Zynga rides social wave with new CityVille game

Urban game joins Zynga's Facebook-based powerhouses Farmville, Mafia Wars and Zynga Poker

The world of social gaming just got a bit more urban.

Online gaming firm Zynga has made a name for itself by enabling Facebook users to grow crops, build criminal empires and clear frontierland. Now, the gaming company is expanding its portfolio with CityvVille, where users can run restaurants, manage businesses and build an entire city online.

"CityVille is where Monopoly meets Main Street," said Sean Kelly, a Zynga general manager, in a statement. "We are thrilled to bring the world our most social game to date. Instead of harvesting crops, you're harvesting your neighborhood.
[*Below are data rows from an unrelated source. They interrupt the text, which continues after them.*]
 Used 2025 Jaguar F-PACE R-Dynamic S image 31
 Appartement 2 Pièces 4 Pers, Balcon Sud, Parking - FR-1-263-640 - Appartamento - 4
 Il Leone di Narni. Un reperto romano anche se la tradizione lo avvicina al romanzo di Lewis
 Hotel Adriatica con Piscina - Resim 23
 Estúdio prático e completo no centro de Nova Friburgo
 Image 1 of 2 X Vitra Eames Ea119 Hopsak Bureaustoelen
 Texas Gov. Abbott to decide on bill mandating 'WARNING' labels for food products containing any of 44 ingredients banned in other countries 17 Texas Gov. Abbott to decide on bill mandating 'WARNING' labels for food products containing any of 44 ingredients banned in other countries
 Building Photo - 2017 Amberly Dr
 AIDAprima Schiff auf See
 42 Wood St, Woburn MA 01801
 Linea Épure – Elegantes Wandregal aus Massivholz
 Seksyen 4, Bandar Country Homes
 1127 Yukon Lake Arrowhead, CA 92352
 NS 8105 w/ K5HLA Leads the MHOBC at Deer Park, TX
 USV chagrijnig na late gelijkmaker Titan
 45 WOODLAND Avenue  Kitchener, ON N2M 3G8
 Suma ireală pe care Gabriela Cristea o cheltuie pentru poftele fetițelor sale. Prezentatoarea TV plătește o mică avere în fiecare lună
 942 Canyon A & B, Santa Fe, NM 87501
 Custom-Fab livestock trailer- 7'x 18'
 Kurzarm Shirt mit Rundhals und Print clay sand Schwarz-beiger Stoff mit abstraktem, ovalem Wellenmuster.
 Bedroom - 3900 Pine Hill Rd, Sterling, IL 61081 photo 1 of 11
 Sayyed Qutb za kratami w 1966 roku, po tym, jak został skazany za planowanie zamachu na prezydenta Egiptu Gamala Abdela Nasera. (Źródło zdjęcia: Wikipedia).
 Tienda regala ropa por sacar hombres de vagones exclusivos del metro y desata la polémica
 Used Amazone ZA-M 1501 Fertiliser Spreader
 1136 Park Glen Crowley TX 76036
Instead of clearing your friend's frontier, you're working on a friend's franchise. We hope players from around the world have as much fun playing CityVille as we had building it."

Zynga announced Thursday that the new Facebook game, which will be released for beta testing in the "coming weeks," will include English, French, Italian, German, and Spanish on Facebook versions.

The online gaming company, founded in early 2007, is rising to prominence in Silicon Valley, claiming more than 225 million active users of its games, which include FarmVille, FrontierVille, Mafia Wars, Zynga Poker and YoVille.

In an appearance at the Web 2.0 Summit earlier this week, Facebook CEO Mark Zuckerberg said social networks are changing the online gaming landscape.

"The games platform has been really interesting. Some really good gaming companies have been built on top of Facebook," Zuckerberg said. "It's a different modality of thinking. If you build an app and expect that people will be there with their friends, that's a great thing. Now you can design something and assume the vast majority of your users will be socially enabled."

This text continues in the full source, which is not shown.